Task prompt - Repeat the listing that follows exactly, please.

Recorded information -
======

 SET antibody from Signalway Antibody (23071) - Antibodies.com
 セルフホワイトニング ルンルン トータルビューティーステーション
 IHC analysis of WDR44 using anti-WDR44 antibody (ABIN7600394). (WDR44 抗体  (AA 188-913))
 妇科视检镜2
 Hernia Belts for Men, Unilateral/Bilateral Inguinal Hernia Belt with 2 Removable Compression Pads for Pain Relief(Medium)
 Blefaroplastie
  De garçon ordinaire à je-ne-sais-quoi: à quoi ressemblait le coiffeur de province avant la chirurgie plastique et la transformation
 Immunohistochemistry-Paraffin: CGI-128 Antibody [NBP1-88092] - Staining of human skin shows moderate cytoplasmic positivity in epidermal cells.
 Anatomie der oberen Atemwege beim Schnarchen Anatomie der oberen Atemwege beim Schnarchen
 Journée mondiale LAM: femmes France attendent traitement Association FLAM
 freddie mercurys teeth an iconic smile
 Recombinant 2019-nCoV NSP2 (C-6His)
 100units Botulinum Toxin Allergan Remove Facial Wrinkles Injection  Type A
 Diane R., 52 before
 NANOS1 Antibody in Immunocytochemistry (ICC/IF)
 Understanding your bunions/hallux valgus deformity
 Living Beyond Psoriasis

======

Task output -
 SET antibody from Signalway Antibody (23071) - Antibodies.com
 セルフホワイトニング ルンルン トータルビューティーステーション
 IHC analysis of WDR44 using anti-WDR44 antibody (ABIN7600394). (WDR44 抗体  (AA 188-913))
 妇科视检镜2
 Hernia Belts for Men, Unilateral/Bilateral Inguinal Hernia Belt with 2 Removable Compression Pads for Pain Relief(Medium)
 Blefaroplastie
  De garçon ordinaire à je-ne-sais-quoi: à quoi ressemblait le coiffeur de province avant la chirurgie plastique et la transformation
 Immunohistochemistry-Paraffin: CGI-128 Antibody [NBP1-88092] - Staining of human skin shows moderate cytoplasmic positivity in epidermal cells.
 Anatomie der oberen Atemwege beim Schnarchen Anatomie der oberen Atemwege beim Schnarchen
 Journée mondiale LAM: femmes France attendent traitement Association FLAM
 freddie mercurys teeth an iconic smile
 Recombinant 2019-nCoV NSP2 (C-6His)
 100units Botulinum Toxin Allergan Remove Facial Wrinkles Injection  Type A
 Diane R., 52 before
 NANOS1 Antibody in Immunocytochemistry (ICC/IF)
 Understanding your bunions/hallux valgus deformity
 Living Beyond Psoriasis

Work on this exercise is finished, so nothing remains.